Orthodox churches differ in how many pews they have, but a common characteristic in all of them is that you stand. A Lot.

And I’m not used to standing, unless I’m speaking at a workshop. In fact, my body isn’t used to much discomfort. Too cold? I put on heat. Too warm? I put on a fan or go to the ocean. Too tired? I lay down. Too hungry? I eat. Too angry? I vent.

In a word, the world I live in is ‘comfortable’. I don’t say ‘no’ to self on a regular basis.

And that’s where my mind ends up going – thinking about how quickly I physically get uncomfortable and want to ease my discomfort. About how much I have to learn about giving up self, giving up comfort, focusing on worship and love of my Lord. The discomfort and agony of the cross is textbook discomfort for me, theory that I’d just as soon dismiss rather than shudder through, rather than really face.

If there is one thing I am learning on this journey toward Orthodoxy it is this: the church will not bend for my comfort. This strikes me as a startling revelation. So much of church shopping today is done according to comfort. “If I can’t go in my shorts, holding my large Hazelnut Latte, then it’s not the church for me.” is a quote I have heard in various versions in diverse areas of the country for the past 10 years.

And yet here I am in a church where comfort is not high on the agenda. Neither is creating an atmosphere that will make your local coffee shop aficionado feel like it’s their ‘place’. Rather, I am participating in a service and pursuing a faith that speaks in awe and reverence about the saints and their posture as they head toward their deaths. A church that hasn’t changed much since the first century. A church that invites me to look at worship in a new way.

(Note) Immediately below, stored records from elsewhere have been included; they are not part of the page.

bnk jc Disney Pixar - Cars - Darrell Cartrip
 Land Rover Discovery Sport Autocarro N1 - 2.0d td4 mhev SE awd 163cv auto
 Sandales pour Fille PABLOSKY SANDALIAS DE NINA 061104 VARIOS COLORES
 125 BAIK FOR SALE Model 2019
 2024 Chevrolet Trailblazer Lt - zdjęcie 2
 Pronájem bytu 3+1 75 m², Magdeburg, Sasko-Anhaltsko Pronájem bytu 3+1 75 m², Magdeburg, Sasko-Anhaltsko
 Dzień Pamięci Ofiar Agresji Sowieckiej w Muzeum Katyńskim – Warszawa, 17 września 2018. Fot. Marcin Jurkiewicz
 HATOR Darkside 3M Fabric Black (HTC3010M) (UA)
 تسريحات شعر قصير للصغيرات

It is a church that takes the words in the book of Philippians seriously: “That I may know Him, and the power of his resurrection, the fellowship of his sufferings, being conformed to his death.”

I am in a church that stands in awe, prostrates in reverence, fasts in remembrance.

And so I stand, and I open my ears to listen to the words I am hearing from the a cappella choir, I begin to pray that I will stand with strength, that my reluctant heart will be drawn beyond the weakness of the physical to the strength of the eternal.

Lord Have Mercy on this soft, squishy, reluctant Orthodox.